There are a number of solutions in the prior art, all of which currently exhibit various limitations that render them only partially satisfactory.
The simplest scheme for auditing the access and viewing of information on a workstation is to accumulate “screen shots” of what the authorized user was able to see. FIG. 1 conceptually illustrates such a scheme. A workstation 100 includes a display 101 and a keyboard 103, as well as a pointing device (e.g., a mouse) 104. Optionally, workstation 100 is connected to a network 105 via a link 107. The display on screen 101 is obtained via a capture operation 109. A captured screen image 111 (in this example) contains a window 113, a window 115, and a window 117. As shown in an enlargement 119, however, text 121 appearing in captured screen image 111 is merely a bitmap 123 of the text characters. Thus, although captured screen image 111 is rich with visual information, the logical information content is difficult to extract. In other words, the screen capture scheme is not particularly useful in an automated system.
FIG. 2 conceptually illustrates another prior art scheme for capturing information from a workstation session. In this scheme, keystrokes from keyboard 103 are intercepted in a capture operation 201 and stored as text in a special account 203. This scheme is able to capture different types of data input into files, such as a document 205, an e-mail message 207, and chat room conversations 209. This special account is made available to network 105 via a connection 211. Although the files output by this scheme are readily machine-readable (unlike those of the screen capture scheme illustrated in FIG. 1), a lot of information is lost and unavailable for investigation. For example, the information visible to the user on screen 101 is not sampled or captured. In other words, the keyboard capture scheme works well with automated systems, but significant amounts of information are bypassed.

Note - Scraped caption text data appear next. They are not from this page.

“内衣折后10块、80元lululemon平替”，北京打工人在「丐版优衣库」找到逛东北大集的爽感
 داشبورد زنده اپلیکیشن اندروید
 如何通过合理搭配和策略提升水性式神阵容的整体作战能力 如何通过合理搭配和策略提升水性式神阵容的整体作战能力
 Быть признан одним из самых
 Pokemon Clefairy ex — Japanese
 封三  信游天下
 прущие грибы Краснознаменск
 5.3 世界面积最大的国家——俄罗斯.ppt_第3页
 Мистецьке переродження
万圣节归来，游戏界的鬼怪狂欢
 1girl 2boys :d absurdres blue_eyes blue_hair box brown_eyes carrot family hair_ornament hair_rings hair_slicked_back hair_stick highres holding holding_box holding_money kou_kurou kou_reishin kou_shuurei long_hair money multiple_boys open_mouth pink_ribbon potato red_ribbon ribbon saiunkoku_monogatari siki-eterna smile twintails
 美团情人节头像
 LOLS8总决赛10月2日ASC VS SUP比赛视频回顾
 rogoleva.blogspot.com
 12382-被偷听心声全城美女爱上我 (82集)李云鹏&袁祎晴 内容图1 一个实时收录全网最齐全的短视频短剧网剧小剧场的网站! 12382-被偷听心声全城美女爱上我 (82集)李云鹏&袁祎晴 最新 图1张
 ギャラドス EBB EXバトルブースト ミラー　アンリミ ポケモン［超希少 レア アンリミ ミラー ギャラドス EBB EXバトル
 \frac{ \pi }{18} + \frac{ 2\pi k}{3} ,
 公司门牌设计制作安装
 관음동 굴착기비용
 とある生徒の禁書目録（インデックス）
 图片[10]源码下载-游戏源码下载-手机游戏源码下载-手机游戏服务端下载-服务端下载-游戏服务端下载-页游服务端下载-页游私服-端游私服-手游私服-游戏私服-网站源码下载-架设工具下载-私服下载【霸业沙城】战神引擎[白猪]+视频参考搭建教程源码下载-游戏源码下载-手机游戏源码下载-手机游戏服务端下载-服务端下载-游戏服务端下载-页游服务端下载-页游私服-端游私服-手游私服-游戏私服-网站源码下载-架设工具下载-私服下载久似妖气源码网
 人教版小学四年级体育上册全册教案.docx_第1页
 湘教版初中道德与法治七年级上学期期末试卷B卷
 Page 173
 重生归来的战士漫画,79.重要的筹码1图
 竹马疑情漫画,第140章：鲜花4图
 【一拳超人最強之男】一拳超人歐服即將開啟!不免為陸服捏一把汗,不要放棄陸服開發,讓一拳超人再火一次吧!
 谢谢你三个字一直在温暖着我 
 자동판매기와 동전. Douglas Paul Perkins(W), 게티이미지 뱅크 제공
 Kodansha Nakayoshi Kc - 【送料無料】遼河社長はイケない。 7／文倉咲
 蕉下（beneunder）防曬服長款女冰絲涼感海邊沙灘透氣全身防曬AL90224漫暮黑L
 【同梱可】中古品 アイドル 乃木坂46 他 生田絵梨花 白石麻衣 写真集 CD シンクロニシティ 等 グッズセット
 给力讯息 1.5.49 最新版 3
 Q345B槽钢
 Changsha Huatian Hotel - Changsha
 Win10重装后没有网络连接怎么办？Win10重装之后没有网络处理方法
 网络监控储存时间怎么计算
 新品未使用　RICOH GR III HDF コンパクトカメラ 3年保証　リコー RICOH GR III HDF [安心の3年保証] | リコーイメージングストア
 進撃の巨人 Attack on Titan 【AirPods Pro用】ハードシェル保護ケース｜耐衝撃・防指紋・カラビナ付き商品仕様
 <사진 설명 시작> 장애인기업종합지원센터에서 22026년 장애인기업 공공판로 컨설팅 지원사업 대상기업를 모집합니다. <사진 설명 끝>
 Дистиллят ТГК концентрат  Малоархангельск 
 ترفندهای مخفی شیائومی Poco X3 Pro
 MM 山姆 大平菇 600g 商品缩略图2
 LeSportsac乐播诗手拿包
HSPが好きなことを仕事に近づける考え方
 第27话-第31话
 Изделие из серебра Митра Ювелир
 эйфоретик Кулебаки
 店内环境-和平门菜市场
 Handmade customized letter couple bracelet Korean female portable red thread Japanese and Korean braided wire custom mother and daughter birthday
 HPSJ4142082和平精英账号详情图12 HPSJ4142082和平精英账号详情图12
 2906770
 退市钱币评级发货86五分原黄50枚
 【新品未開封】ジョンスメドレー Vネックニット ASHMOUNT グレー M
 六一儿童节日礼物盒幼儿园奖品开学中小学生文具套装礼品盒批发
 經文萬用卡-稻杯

FIG. 3 conceptually illustrates one more prior art scheme for capturing information from a workstation session. In this scheme, input to and output from certain specific applications is captured into a special account 305. For example, a word processor application 301 and a spreadsheet application 303 are captured by capture operations 307 and 309, respectively, into files 311 and 313, respectively. Special account 305 can be made available to network 105 via a connection 315. In this scheme, the visible content of screen 101 and the input of keyboard 103, as well as input via pointing device 104, is captured, but only for those certain specific applications which are supported. An unsupported application 317 is not recognized, nor is the information input or viewed within application 317 captured. In other words, the application capture scheme works well with automated systems, and handles information both input by the user and shown to the user, but only for individual and isolated applications, with potentially significant information in other applications bypassed.
FIG. 4 conceptually illustrates yet another prior art scheme for capturing information from a workstation session. In this scheme, communication to and from network 105 is captured into a special account 405 via a connection 411. All interactions with any network applications are automatically captured. For example, the user's interaction with a network browser application 401 is automatically captured into a file representation 407. Likewise, the user's activity with an e-mail application 403 is automatically captured into a file representation 409. The advantage of this approach is that all applications which access and interact with network 105 are automatically included. Unfortunately, however, not everything the user does on workstation 100 is handled over network 105. For example, many network applications (including most browsers) provide for off-line operation. In addition, many applications have nothing to do with network 105 at all. In particular, encrypted information can be intercepted at any point, including connection 411, but this information is in ciphertext form and is unintelligible and useless for auditing. it is only information in plaintext form (prior to encryption or subsequent to decryption) that can be used for auditing, and in this form the information is not sent over network 105. Thus, the network capture scheme works well with automated systems, and handles information both input by the user and shown to the user, but only for data sent in plaintext form over the network, with potentially significant information not sent in plaintext form over the network bypassed.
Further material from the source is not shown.